Postgres Text Searching Guide 2026

The search tools already in your database, and when each one earns its keep.

Most teams use one Postgres search tool. Teams that know all three ship better search with less complexity — and avoid the costly detour to a dedicated search service they didn’t need yet.

This guide covers the full set of Postgres-native options: what each one does, when it’s the right fit, and how to layer them.

The Three Tools

Full-text search (tsvector / GIN index) is lexical. It tokenizes text into lexemes, stems them, and matches queries against the index. “Running” and “runs” collapse to the same lexeme. So do “dog” and “dogs.” The ranking function (ts_rank) rewards documents where query terms appear often or prominently.

Trigrams (pg_trgm) break strings into overlapping 3-character slices and measure how many slices two strings share. “Dan” → " da", "dan", "an ". “Micheal” and “Michael” share most of their trigrams, so similarity is high. This makes pg_trgm excellent at fuzzy name matching, typo tolerance, and autocomplete — the space where FTS performs poorly.

Exact-match indexes (B-tree, hash) handle primary keys, email addresses, IDs, SKUs, and anything where the answer is binary: it matches or it doesn’t. These don’t feel like “search,” but they belong in this conversation because the worst pattern is using fuzzy or semantic search for problems that have correct answers.

The choice isn’t about sophistication. It’s about matching the tool to the shape of the query.

The four Postgres search primitives mapped by query intent (exact vs. semantic) and text shape (structured vs. prose). The same table can carry all four indexes — the choice is per query, not per table.

When Full-Text Search Wins

Searching prose for keywords. Blog posts, documentation, product descriptions, support tickets, legal documents. FTS was designed for this shape of content: indexed, ranked retrieval over natural-language text.

Keyword-based user queries. Users type a search term, filter by tag, or browse by keyword. FTS handles that intent natively without any embedding infrastructure.

Ranked results without external dependencies. FTS indexes are fast, deterministic, and require no API calls. The relevance signal comes from term frequency weighted by field position.

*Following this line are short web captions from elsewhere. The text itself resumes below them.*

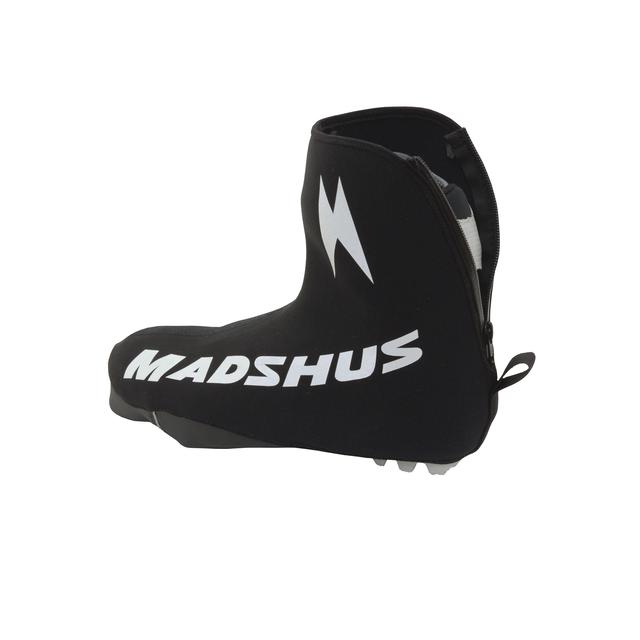 Madshus - Boot Cover 2019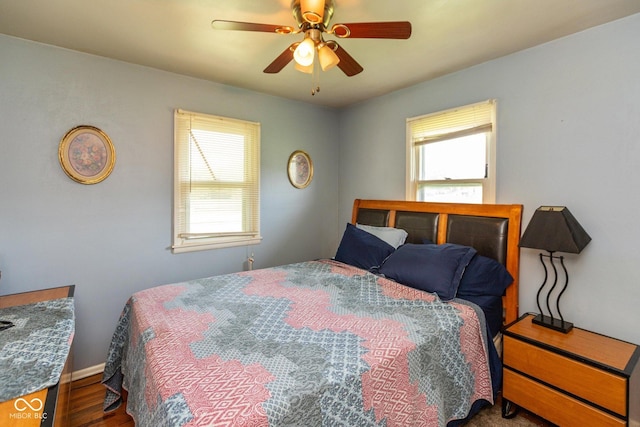 5719 N Frontage Rd, Fairland, IN 46126 - photo 22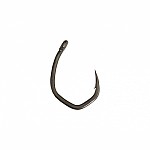 Carp Spirit Razor V-Curve Hook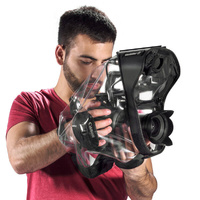 Sachtler Raincover for Canon EOS C100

Boolean filtering alongside search. FTS composes naturally with your existing query logic:

SELECT * FROM posts
WHERE search_vector @@ to_tsquery('english', 'postgres & performance')
  AND category = 'tutorial'
  AND published_at > NOW() - INTERVAL '6 months';

Setting Up FTS

-- Generated column keeps the index current automatically
ALTER TABLE posts ADD COLUMN search_vector tsvector
  GENERATED ALWAYS AS (
    setweight(to_tsvector('english', coalesce(title, '')), 'A') ||
    setweight(to_tsvector('english', coalesce(body,  '')), 'B')
  ) STORED;

CREATE INDEX posts_search_idx ON posts USING GIN (search_vector);

-- Query
SELECT title, ts_rank(search_vector, query) AS rank
FROM posts, to_tsquery('english', 'postgres & performance') query
WHERE search_vector @@ query
ORDER BY rank DESC
LIMIT 10;

setweight assigns importance: A (title) outranks B (body). That’s the entire relevance model for most content-search use cases.

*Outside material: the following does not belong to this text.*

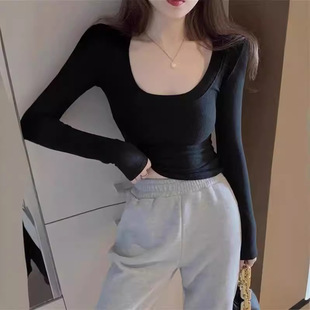 ���z�L�L��t��Ů���＾�o�����ö̿����·�ʽ��׼�ɫ�w��Ů�b��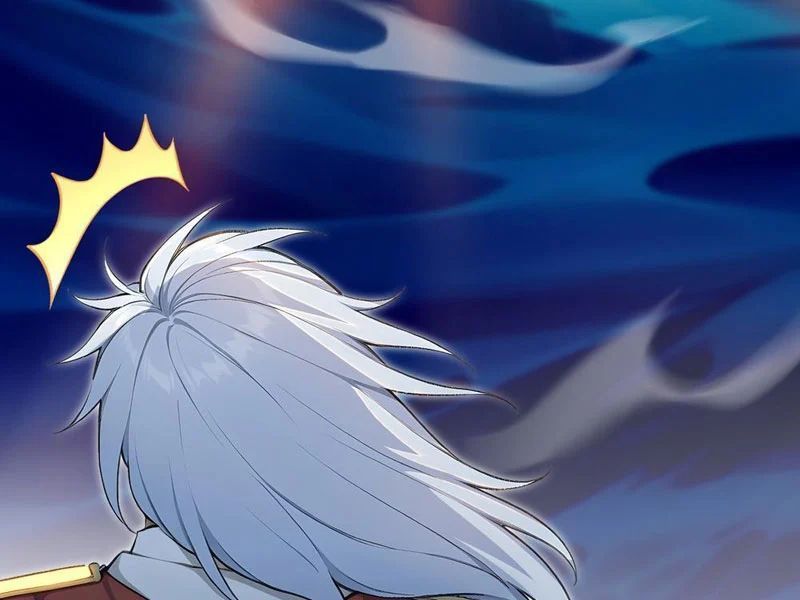 Đệ Nhất Ngự Thú Sư Chapter 121 - Trang 2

What FTS Doesn’t Handle Well

Typos in queries — “javascipt” will not match “javascript”
Person names, addresses, proper nouns that don’t stem predictably
Prefix/autocomplete without special configuration
Queries where the user describes a concept rather than naming it

When Trigrams Win (`pg_trgm`)

pg_trgm covers the awkward middle that FTS consistently fumbles.

FTS tokenizes text into lexemes and stems them. For prose this is correct. For names and short identifiers it often isn’t:

Person names (“Dan Levy” → stemmed differently depending on dictionary and language config)
Company names, addresses, product titles where exact spelling matters
Queries with typos — “Micheal Jordan”, “Amaon”, “javascipt”
Autocomplete / prefix search
Partial string matching (“son” matching “Johnson”, “Anderson”)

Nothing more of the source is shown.